С сожалением опуская подробности глубокой и тонкой рефлексии А. Пелипен-ко по поводу процессов, происходящих в логоцентризме, обратимся к некоторым проявлениям и последствиям кризиса последнего.
Сердцевина логоцентрической культуры — разнообразные формы словесности и вербальные дискурсы, сам способ вербального осмысления мира. Нетрудно заметить, что сегодня все больше людей, независимо от происхождения, образования, статуса и даже интеллекта, утрачивают привитые логоцентризмом навыки логического мышления, способность выстраивать рациональные причинно-следственные ряды и полагаться на непреложность установленного факта. Сознание все более ныряет в свою собственную квазиморфологическую реальность, прячась в нее, как улитка в домик. Как известно, усложнение форм на вершине эволюционной пирамиды вызывает упрощение у ее основания. Так, усложнению «высоколобого» научного дискурса сопутствует почти обвальное упрощение языковых дискурсов в иных публичных сферах — обыденной речи, публицистике, текущей аналитике и т.д. Фронт ремифологизации продвигается с разной скоростью по всем сферам логоцентрической культуры — религии, морали, философии, науке и т.д. А. Пелипенко с блеском рассматривает происходящие в них процессы.

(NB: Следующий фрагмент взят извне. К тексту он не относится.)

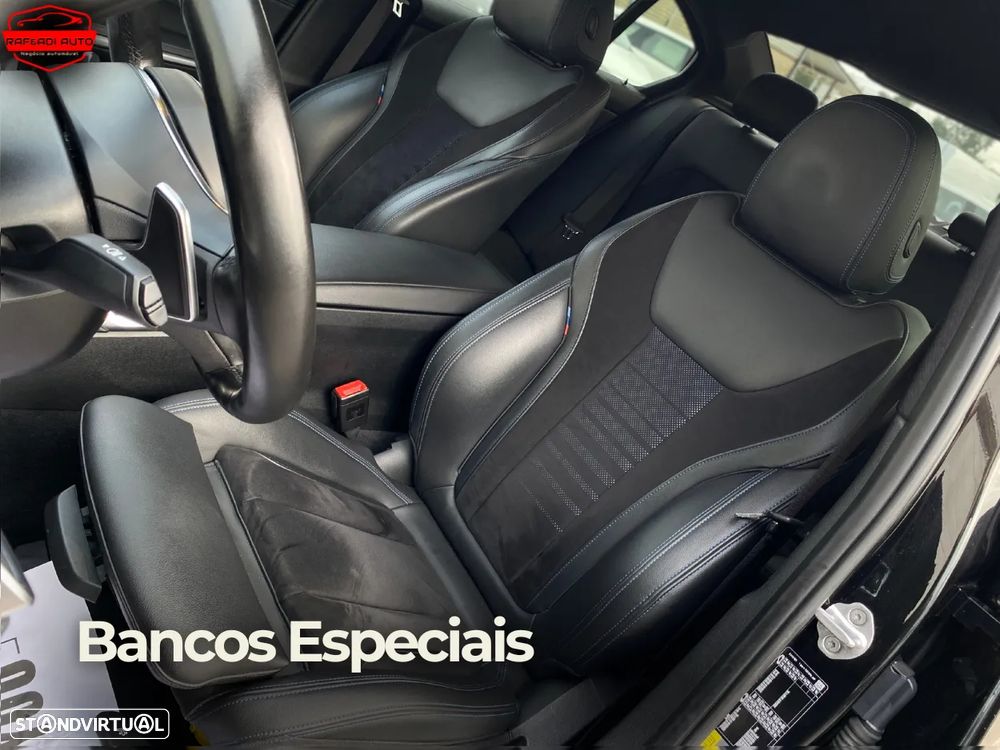 BMW 330 e Aut. M Sport - 17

Эти сферы культуры утрачивают свое былое значение, переживают упадок, окукливаются и замыкаются сами на себя. Ими мало интересуются люди и даже власти (поскольку уже не опасны!). Авторитет священника, философа, ученого, моралиста резко снизился. Сила их резонанса в обществе значительно уменьшилась. Предлагаемые ими ценности и даже достижения вызывают скуку (счастья не обещают!), релятивизируются и уходят на периферию культуры. Институциональные формы этих сфер претерпевают изменения и все более смещаются в сторону их индивидуализации. Их трудности — не в самих их представителях, которые почему-то вдруг измельчали. Они коренятся в общем кризисном исчерпании логоцентрической культуры, частью которой эти сферы являются.
Фиксируя «родовые» дефекты ключевых сфер логоцентрической культуры
— религии, морали, философии, науки и т.д., — А. Пелипенко заключает, что если Модерн — это финишная прямая логоцентризма, то послевоенный мир —
это «финиш финиша» [Пелипенко 2016: 191]. Мельчание, затухание и распад всех форм логоцентрической культуры ускоренно нарастают, и не видеть этого нельзя.
Закончился культ великого человека. Государственных и политических деятелей сменили актеры, музыканты, спортсмены. Кумиры не стали хуже — просто время кумиров ушло. Политика в своем прежнем виде кончилась. Общественные идеалы умерли, и ничего, кроме интересов, им на смену не пришло. А в царстве интересов крупным политикам делать нечего. Они не востребованы жизнью, где обыватель (он же избиратель) боится думать о будущем. Тактические вопросы улаживаются бюрократами-управленцами, которым вывести формулу синтеза принципов и интересов не под силу — интеллекта не хватает. Остается заниматься привычным профессиональным делом — демагогией и лицемерием. Последнее, кстати, из свойства индивидуального превратилось в системное явление, его больше не стесняются — как можно стесняться общепринятого правила?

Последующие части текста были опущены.